Wednesday, June 4, 2008

One of the Lads

When I saw Donald MacLean on that sunny summer afternoon in 1978, he was, wearing army combat trousers, a white t-shirt with the imprint “We Made Rhodesia Great, They Made Zimbabwe Ruins” and was carrying more or less a full set of 58 webbing, as he bounced down Byres Rd in Glasgow on his way to the student travel office. He was going to buy a ticket to Rhodesia a few months before it became Zimbabwe. Donald was going to join the Rhodesian Light Infantry for this horny handed son of toil had been affected by the airs and graces that invariably pounced on Glaswegian working class kids of limited ability when they went up to that particular university and, unlike Strathclyde and Glasgow College of Technology, the city’s main university had a tendency of transforming its working class students into “petite bourgeoisie” of an ilk similar to those who had ushered in the end of the Weimar Republic. “Well, if Mugabe wins the election, there will be civil war and if he doesn’t win it there will be civil war anyway, so I am going to kill communists and blacks.” Now whatever Donald had studied, I think he had enrolled on a Theology degree to stay at university, it certainly wasn’t logic. Mugabe won the elections in April 1979 and there was no civil war but Donald was to have his year and a bit in the Rhodesian Light Infantry before then.

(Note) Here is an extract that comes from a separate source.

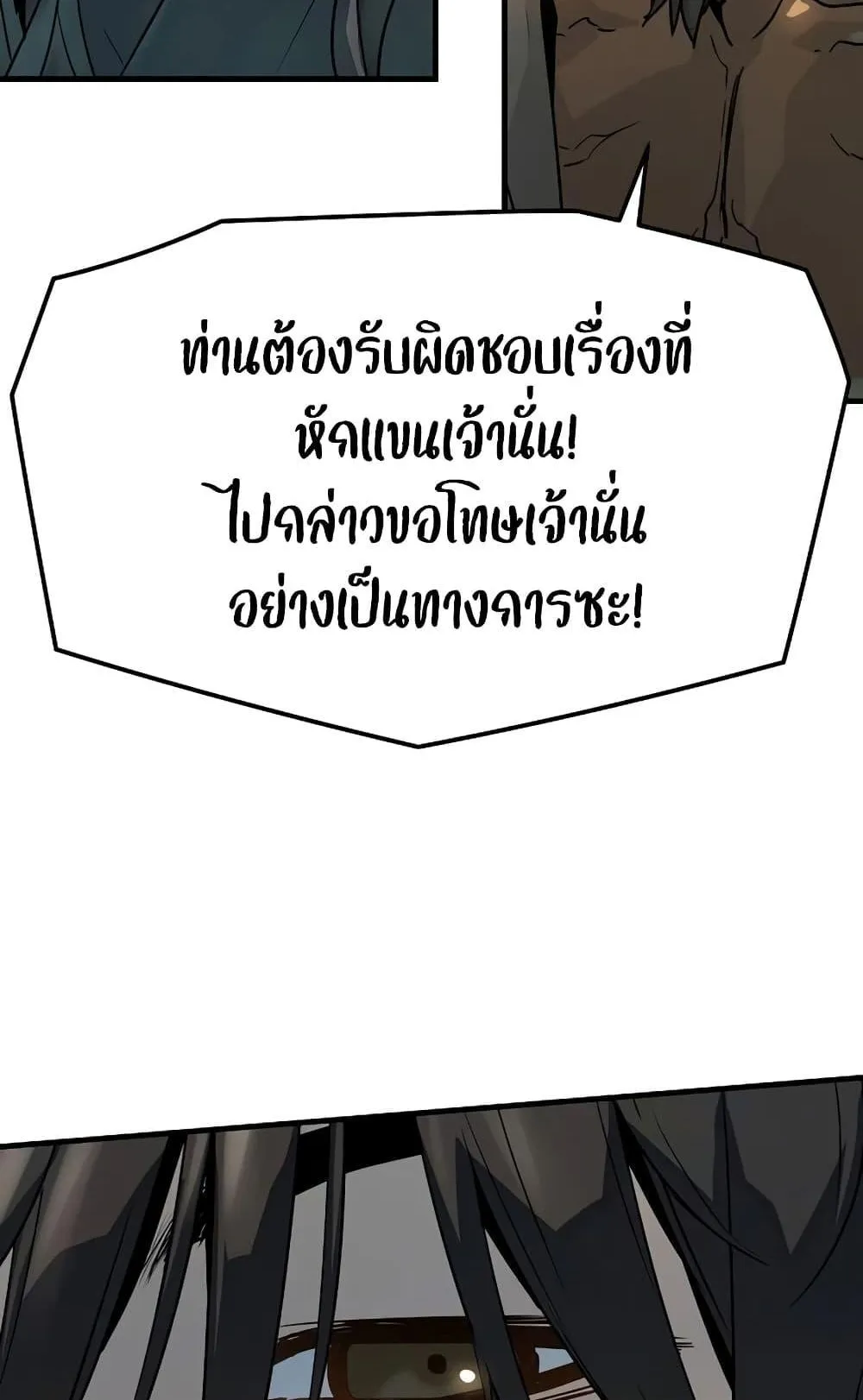 Absolute Regression ตอนที่ 5 หน้า 63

It must have been about 1981 when I visited his mum and there he was or at least a picture of him. It was sitting on the television and I have to confess he did look good; fit, tanned and wearing a lovely big hat with a plume in it and, oh, he had a sword in its saber and his wee mum went on to tell me how well he was doing. “Got an award for being the best recruit and, do you know James, they even have servants.” Well, what do you know, to the best of my knowledge they also had a kill rate of about 1,000 to 1. Her Donald, while not in the same league as Adolf Hitler, Joe Stalin or even Tony Blair was, in all probability, right up there with the Tony Sopranos and Al Capones of this world.

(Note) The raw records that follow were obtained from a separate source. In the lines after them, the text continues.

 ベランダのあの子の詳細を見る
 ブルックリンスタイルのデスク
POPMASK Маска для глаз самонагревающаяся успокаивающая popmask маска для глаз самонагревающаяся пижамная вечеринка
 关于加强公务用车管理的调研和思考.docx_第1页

There is a sort of nice twist to this story. About eight years ago I bumped into Donald in a bar in Glasgow’s west end. No longer in Africa, but in love with that continent and no longer a racist, I actually found him quite pleasant and something told me that somewhere down the road and maybe somewhere back in Africa, something made him grow up. Actually, when I think about it, In Glasgow in the 70s a lot of us didn’t do very much growing up and I wasn’t a kick in the arse off of joining the Royal Hong Kong Police, attracted by a BBC documentary, which showed a lot of the force getting rich through the extra envelope that appeared on their desk every month.
The picture above is a poster for officer recruitment for the Rhodesian Light Infantry.